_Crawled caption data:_
Content starts
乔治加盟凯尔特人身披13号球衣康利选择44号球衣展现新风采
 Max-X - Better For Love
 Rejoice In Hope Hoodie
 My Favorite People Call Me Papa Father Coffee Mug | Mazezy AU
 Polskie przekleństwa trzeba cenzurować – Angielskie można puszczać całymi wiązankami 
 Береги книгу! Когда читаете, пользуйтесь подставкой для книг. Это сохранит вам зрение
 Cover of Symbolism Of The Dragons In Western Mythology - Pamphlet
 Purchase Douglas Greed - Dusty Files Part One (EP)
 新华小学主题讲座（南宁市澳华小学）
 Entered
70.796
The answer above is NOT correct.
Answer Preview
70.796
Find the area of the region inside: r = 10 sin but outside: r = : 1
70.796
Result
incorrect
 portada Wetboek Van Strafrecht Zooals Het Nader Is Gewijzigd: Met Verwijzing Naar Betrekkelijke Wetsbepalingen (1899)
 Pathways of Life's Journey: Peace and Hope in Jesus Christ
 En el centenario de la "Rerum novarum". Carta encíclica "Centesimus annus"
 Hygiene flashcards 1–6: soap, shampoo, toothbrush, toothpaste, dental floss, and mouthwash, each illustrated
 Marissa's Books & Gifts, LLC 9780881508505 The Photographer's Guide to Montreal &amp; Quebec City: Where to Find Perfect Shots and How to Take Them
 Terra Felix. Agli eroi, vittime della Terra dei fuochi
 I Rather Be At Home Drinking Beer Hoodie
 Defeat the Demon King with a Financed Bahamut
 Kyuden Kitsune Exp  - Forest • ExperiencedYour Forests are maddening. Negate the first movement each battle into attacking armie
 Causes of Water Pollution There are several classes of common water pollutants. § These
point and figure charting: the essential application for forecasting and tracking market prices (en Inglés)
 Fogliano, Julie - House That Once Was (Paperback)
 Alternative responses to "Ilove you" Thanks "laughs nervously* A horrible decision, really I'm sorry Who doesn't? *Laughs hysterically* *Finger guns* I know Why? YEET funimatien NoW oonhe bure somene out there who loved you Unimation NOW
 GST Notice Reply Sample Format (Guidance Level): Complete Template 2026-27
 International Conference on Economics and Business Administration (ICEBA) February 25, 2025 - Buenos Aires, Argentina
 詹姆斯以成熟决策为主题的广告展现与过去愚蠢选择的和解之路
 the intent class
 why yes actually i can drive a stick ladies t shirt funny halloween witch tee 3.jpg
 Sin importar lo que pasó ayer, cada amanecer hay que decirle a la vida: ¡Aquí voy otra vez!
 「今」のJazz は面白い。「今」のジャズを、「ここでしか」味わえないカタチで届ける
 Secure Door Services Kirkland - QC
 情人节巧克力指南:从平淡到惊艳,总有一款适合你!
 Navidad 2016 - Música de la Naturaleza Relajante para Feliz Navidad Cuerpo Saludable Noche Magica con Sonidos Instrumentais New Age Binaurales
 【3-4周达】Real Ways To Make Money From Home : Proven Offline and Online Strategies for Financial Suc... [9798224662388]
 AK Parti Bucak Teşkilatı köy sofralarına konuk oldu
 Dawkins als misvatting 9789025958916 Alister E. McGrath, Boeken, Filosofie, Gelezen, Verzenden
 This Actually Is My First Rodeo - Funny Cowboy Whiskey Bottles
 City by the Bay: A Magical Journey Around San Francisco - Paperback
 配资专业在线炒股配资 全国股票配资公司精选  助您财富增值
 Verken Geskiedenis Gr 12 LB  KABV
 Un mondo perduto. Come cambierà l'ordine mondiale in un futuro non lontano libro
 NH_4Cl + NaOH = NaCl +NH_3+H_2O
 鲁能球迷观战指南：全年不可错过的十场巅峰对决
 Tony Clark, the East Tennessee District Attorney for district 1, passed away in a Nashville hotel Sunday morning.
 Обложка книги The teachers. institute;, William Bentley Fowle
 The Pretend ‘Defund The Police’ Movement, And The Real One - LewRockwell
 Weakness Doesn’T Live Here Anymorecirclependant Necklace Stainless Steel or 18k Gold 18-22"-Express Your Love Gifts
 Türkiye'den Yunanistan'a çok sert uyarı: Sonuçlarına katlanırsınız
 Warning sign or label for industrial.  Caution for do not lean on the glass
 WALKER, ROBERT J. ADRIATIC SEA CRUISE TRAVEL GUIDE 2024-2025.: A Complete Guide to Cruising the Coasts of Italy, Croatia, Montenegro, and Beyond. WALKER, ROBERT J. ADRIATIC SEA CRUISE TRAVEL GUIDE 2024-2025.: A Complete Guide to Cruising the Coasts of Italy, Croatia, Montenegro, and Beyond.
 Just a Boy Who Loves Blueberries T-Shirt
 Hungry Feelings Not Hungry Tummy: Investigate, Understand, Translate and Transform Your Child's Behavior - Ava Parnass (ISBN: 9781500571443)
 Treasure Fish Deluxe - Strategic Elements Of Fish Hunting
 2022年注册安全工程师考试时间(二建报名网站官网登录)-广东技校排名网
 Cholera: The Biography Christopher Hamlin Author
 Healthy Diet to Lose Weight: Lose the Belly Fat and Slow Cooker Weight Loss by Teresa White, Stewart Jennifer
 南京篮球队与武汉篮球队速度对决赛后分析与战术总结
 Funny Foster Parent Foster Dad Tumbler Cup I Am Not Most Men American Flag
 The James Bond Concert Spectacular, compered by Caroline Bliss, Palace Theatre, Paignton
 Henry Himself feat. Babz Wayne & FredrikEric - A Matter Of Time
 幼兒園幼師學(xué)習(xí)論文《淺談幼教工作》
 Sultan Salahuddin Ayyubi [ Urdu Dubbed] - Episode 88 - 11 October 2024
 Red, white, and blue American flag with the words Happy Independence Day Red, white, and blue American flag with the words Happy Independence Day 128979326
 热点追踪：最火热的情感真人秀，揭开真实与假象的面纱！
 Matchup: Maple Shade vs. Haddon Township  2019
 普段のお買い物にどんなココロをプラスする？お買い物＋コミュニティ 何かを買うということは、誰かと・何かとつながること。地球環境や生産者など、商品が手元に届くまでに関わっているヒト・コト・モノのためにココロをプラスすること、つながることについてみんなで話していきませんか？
Content ends
_Exercise objective:_
Reply with nothing but the number of lines in the entries that include "Find".

_Final answer:_
2